Please retype every record below exactly, leaving the pictures out.

*** Records for processing Section Begins ***

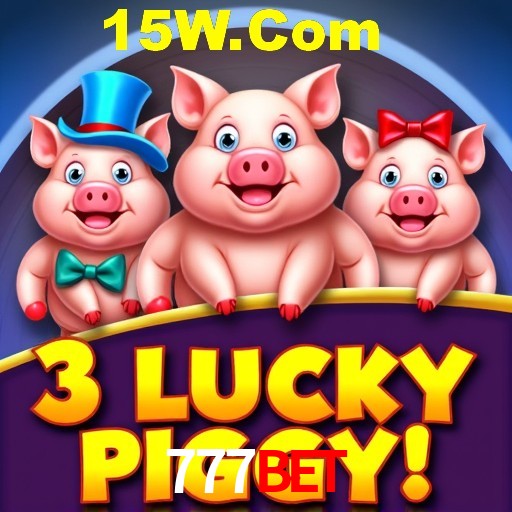 Seasonal Promotions 777Bet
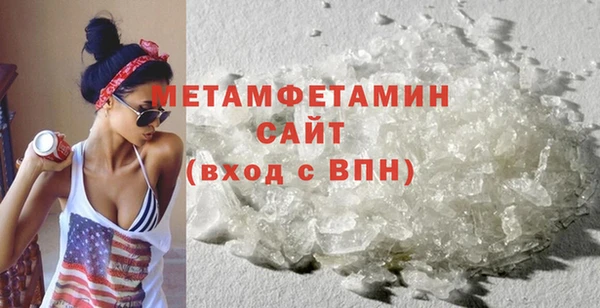 прущие грибы Богданович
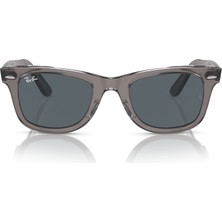 Ray-Ban Rb 2140 1355R5 50 Rayban Güneş Gözlüğü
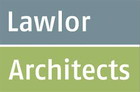 Lawlor Architects logo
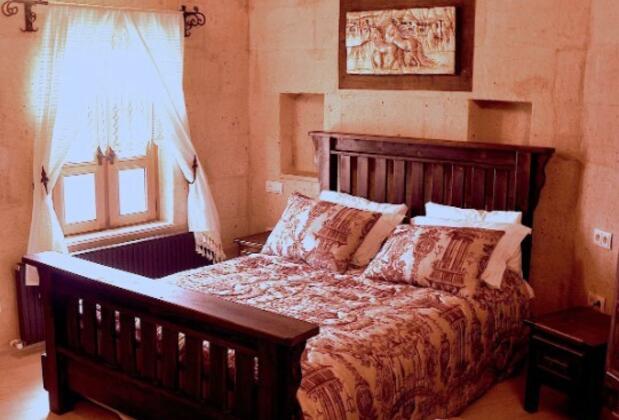 Hanımkız Konağı - Görsel 16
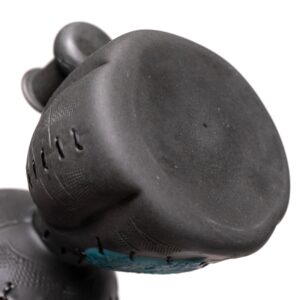 Shop Peter Muller - Torso Jammer - Portland Gray & Mint in australian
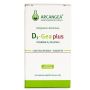 GEA Plus D3 Supplemento Vitaminico - 60 Capsule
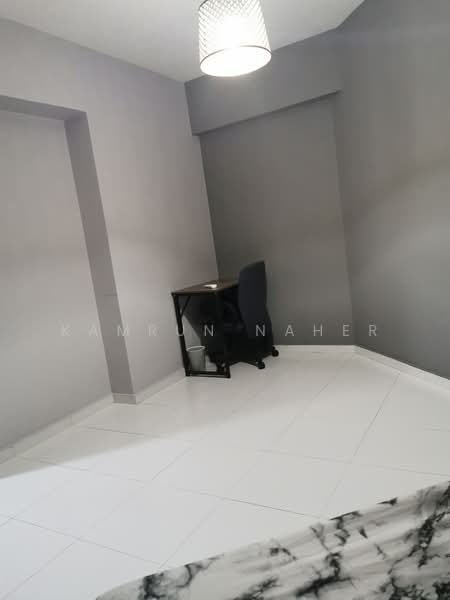 688B Choa Chu Kang Drive, 688B Choa Chu Kang Drive, 3 Bedrooms, 1,100 sqft, HDB Flat For Rent, by Kamrun Naher, 22342661 - PropertyGuru.com.sg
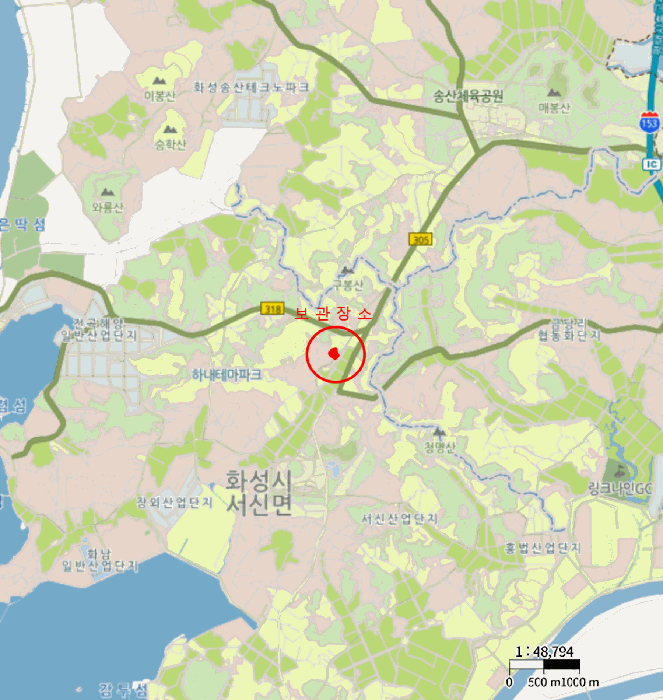 2026타경51680 사진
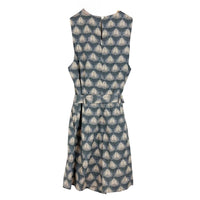 En Saison - Shelly Romper
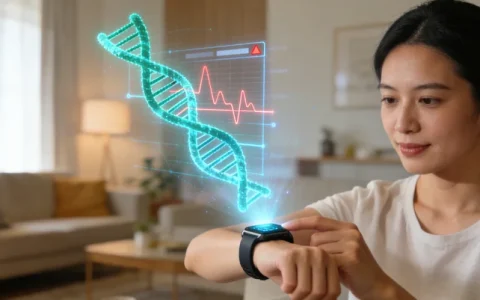 库尔勒血液肿瘤基因检测权威公司名单（含新地址）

*** Records for processing Section Ends ***

* **Task output**
 Seasonal Promotions 777Bet
 прущие грибы Богданович
 Ray-Ban Rb 2140 1355R5 50 Rayban Güneş Gözlüğü
 Lawlor Architects logo
 Hanımkız Konağı - Görsel 16
 Shop Peter Muller - Torso Jammer - Portland Gray & Mint in australian
 GEA Plus D3 Supplemento Vitaminico - 60 Capsule
 688B Choa Chu Kang Drive, 688B Choa Chu Kang Drive, 3 Bedrooms, 1,100 sqft, HDB Flat For Rent, by Kamrun Naher, 22342661 - PropertyGuru.com.sg
 2026타경51680 사진
 En Saison - Shelly Romper
 库尔勒血液肿瘤基因检测权威公司名单（含新地址）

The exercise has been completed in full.